Nesse tempo todo, Milton guardou duas folhas de papel tiradas de um caderno espiral pequeno. É a carta do pai, escrita à caneta-tinteiro e finalizada a lápis, porque a tinta havia acabado. “Tem até uns pingos de óleo do caminhão”.

Desiludido com Brasília, Milton pai voltou para Bocaiúva, cidade ao norte de Minas. O filho acredita que ele tenha contraído febre amarela no Planalto Central. Apesar das agruras, o breve candango guardou boas lembranças do tempo de Brasília. Contava ao filho que havia conhecido Juscelino (“ele andava nos canteiros de obra com um grande chapéu de palha”) e mantinha na prateleira da sala dois livros: Por que Construí Brasília e Meu Caminho para Brasília, memórias do fundador da nova capital.

Depois de 50 anos de estrada (“o currículo de acidente dele era zero”), o caminhoneiro morreu aos 70 anos num acidente de trânsito na cidade onde morava, Montes Claros (MG). O carro em que ele e a mulher estavam foi destruído por dois outros carros em um racha de dois jovens numa avenida da cidade.
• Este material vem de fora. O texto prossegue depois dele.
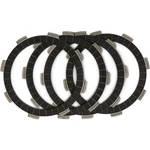 Ebc Brakes Carbon Fiber Clutch Plate Set CKF1151 New. Price: $45.73.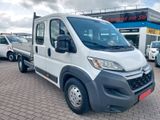 Citroën Jumper Pritsche Doka 35 L3 Heavy HDi 130 - Citroën Jumper l3h3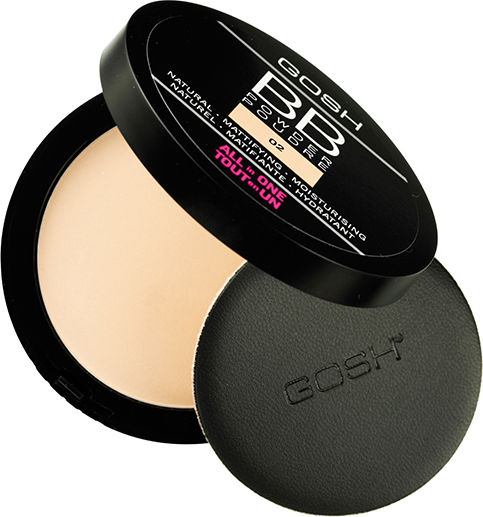 Gosh BB Gesichtspuder 02 Sand 6.5g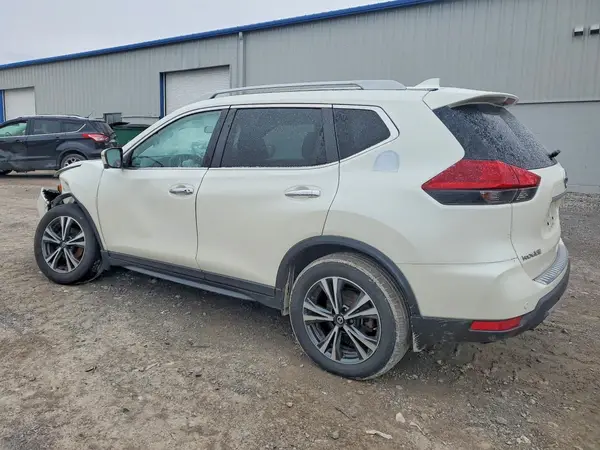 5N1AT2MV7LC794278 2020 NISSAN ROGUE - Image 2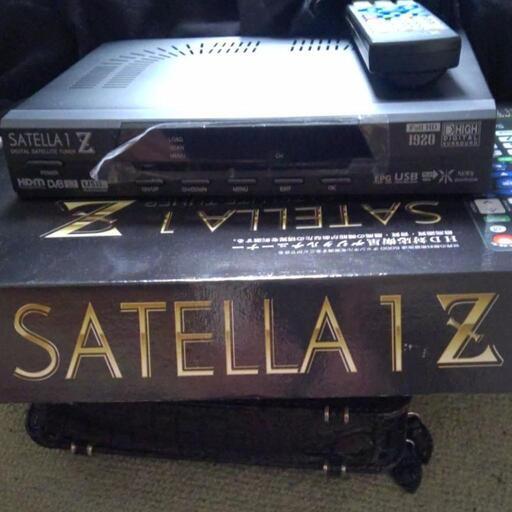 ＳＡＴＥＬＬＡ Z1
Milton filho continuou pilotando caminhões. Ativista da categoria, participou da última greve e se diz desanimado: “Acho que o caminhoneiro autônomo não sobrevive a mais cinco anos”. Nas estradas, é conhecido como Toninho Cabrobó. Apaixonado pela profissão, fez fotos de boa parte dos lugares por onde passou, muitas delas nas divisas dos estados. Diz que não sabe o que será de sua vida quando não puder mais dirigir. É personagem de um documentário para uma tevê alemã: Os Cowboys do Asfalto do Brasil.

Boa parte das informações que Toninho me passou veio em áudios, imagens e mensagens transmitidas de dentro do caminhão Scania 420 R nas estradas do Brasil. Não ouvi o barulho do motor, era como se estivesse num road movie (“Bom dia, Conceição. Saí de casa ontem era dez da noite, já percorri 300 km, estou no trevo de Brasília, no entroncamento da BR 040 com a 365, que liga Montes Claros a Uberlândia. Não entro no sentido Brasília, passo direto no sentido Uberlândia”).

Conceição Freitas/Metrópoles
Este é endereço mais próximo de onde morou o caminhoneiro

O endereço de Milton Librelon, o pai, em 1959, era 2ª Avenida nº 1326, Brasília. Na então Cidade Livre. Esse endereço não existe mais no Núcleo Bandeirante. Existe o número 1325 (que indica o bloco, não a unidade) e é um estabelecimento comercial.

Confira a carta na íntegra:

Brasília, 6 de dezembro de 1959

Querida Wanita,

Queira aceitar o meu abraço

Wanita, eu estou muito bem aqui, mas de saúde, de dinheiro estou muito mal Veja bem, até agora não arranjei nada aqui, o que vou fazer é vender o carro aqui mesmo se Deus quiser, eu só não quero é meixer mais com este ramo, pois isso não passa de um grande vício que eu tenho. pois está na cara que isto não serve, tenho passado fome, cansaço, trabalhando doente e não ganho dinheiro.

Brasília só tem fama, pois aqui tem gente passando fome. Veja bem, a barba é 30,00 cruzeiros e cabelo 60,00, 1 copo de vitamina 15,00, 1 ovo custa 10,00 cruzeiro

Para lavar o terno de linho eles cobra 120,00 cruzeiros, para ganhar é muito custoso, é só vender o carro eu vou embora.

Sem mais queira aceitar um forte abraço, este que não te esquece um só minuto

peço abençoar os meus pais por mim

Mande notícia urgente para mim

O endereço é 2ª Av. nº 1326

Brasília Estado de Goiás

 

*Essa crônica é dedicada ao querido Gustavo Falleiros, que soube dessa história e me deu o contato do Toninho Cabrobó

* Este texto representa as opiniões e ideias do autor.